• [Work to complete]: Please tally the lines below that contain the word "Garden" and reply with the total alone.

• [Input]:
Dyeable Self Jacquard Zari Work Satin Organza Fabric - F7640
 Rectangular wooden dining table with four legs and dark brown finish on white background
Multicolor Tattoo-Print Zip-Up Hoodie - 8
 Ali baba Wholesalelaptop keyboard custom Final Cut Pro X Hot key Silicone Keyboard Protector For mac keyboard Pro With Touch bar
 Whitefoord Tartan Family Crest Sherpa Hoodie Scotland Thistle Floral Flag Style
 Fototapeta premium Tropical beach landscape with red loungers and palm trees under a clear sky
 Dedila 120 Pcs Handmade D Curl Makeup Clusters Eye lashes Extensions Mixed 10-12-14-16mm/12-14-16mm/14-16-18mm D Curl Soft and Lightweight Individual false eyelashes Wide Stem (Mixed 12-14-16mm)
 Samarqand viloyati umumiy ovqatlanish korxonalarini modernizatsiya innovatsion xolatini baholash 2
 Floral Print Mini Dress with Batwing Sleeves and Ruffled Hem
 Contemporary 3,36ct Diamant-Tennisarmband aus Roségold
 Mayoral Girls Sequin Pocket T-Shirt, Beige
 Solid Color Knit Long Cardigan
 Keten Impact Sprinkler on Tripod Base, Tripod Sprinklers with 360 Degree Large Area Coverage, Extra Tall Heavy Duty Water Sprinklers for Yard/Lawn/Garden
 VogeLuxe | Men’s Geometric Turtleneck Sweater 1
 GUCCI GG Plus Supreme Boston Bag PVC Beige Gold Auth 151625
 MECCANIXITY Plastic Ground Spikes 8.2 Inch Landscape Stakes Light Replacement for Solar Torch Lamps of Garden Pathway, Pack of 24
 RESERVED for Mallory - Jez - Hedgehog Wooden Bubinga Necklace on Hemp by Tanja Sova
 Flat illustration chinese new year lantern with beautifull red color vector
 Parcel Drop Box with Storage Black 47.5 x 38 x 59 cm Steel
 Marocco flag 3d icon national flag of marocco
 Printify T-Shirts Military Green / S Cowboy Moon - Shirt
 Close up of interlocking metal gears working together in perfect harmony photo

• [Answer box]: 2